AN insurance company is liable to pay out on a policy taken out by a couple and a construction company over building work which caused damage to a next-door neighbour's home.
Karl and Wendy McKenna had works carried out to their house at 50 Upper Grand Canal Street, Dublin, in 2008, when damage was caused to the home of Ann Stewart who lives at number 52.
The McKennas had an insurance policy with Allianz as had the building company, Kapada Ltd, trading as Homebuilder, of which Mr McKenna was also a director and shareholder. Kapada has since gone into liquidation.
Ms Stewart's insurers claimed against both the McKennas and Kapada but Allianz repudiated the claim saying, under an exclusion clause, it was not obliged to indemnify either party. Under the public liabilty section of Kapada's policy, Allianz said it was not liable in relation to fault, defective or incorrect workmanship, and because it had not been given immediate notification of the claim.
The McKennas disputed that Allianz was entitled to avoid the policy and called on Allianz to submit the matter to arbitration.
But the insurance company said that under the terms of the policy, such a dispute referral must be made within 12 months of the claim and, because this was not done, this option was deemed to have been abandoned.
Ms Stewart brought proceedings against the McKennas and Kapada with Allianz as a notice party.
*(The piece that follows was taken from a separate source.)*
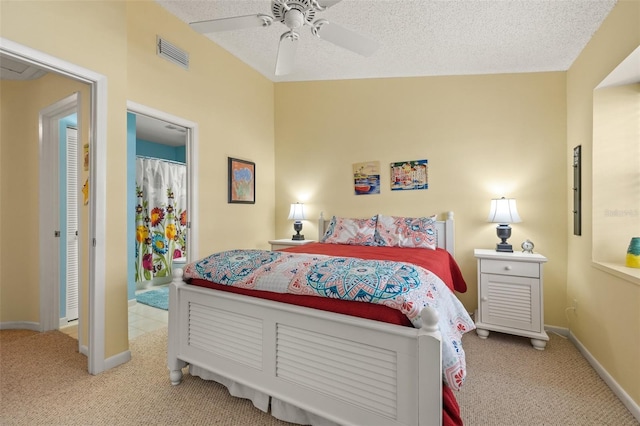 carpeted bedroom with ceiling fan and a textured ceiling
In a High Court ruling on the question of whether the policy was validly assigned against Allianz, Mr Justice Max Barrett found the benefit from Kapada's policy had been validly assigned to the McKennas by its (Kapada's) liquidator on March 23, 2011.
He also said Allianz was mistaken in its view that referral to an arbitrator was out of time.
The McKennas were entitled to make a submission to the arbitrator but they may also elect not to do so and can alternatively sue Allianz themselves in the courts. They cannot however do both, the judge said.